» WHAT IS NEEDED
Across all lines of the entries, tally those with the word "Writings" in them. The reply is the tally, by itself.
====== RECORDS PROVIDED
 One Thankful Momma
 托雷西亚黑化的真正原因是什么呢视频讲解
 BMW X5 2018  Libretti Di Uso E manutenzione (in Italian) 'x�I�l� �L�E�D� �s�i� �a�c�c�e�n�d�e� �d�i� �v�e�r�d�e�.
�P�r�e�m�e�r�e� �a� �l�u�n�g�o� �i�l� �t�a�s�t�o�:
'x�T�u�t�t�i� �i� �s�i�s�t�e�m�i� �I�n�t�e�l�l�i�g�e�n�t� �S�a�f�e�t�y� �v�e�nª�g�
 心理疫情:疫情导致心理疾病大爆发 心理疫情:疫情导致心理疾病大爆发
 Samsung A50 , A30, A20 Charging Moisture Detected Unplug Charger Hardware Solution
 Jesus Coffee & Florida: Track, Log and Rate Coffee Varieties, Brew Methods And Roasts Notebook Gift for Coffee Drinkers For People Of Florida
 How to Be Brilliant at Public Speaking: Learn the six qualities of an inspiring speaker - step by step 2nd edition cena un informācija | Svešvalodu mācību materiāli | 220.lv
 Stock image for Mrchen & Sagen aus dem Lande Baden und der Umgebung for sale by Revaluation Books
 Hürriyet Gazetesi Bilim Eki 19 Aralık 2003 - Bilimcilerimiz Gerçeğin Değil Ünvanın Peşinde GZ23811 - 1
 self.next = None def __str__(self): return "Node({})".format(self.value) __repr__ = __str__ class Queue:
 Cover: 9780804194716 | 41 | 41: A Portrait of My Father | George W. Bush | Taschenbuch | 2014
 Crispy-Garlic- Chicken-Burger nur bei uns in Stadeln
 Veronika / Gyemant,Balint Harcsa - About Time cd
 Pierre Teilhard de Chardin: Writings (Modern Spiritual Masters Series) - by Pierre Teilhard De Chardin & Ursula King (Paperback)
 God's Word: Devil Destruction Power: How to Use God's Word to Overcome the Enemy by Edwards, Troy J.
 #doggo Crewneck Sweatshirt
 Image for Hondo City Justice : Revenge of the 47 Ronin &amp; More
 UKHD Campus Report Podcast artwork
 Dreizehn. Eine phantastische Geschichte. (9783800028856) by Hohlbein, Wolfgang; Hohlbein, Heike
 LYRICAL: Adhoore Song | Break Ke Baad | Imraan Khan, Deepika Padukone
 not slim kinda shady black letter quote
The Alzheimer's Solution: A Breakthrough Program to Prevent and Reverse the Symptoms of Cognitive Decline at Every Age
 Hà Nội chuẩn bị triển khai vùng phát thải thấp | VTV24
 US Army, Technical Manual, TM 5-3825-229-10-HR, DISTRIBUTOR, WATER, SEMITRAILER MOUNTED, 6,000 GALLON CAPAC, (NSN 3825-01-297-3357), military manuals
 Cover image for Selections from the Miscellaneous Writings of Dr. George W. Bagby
============
» WRITTEN RESPONSE
2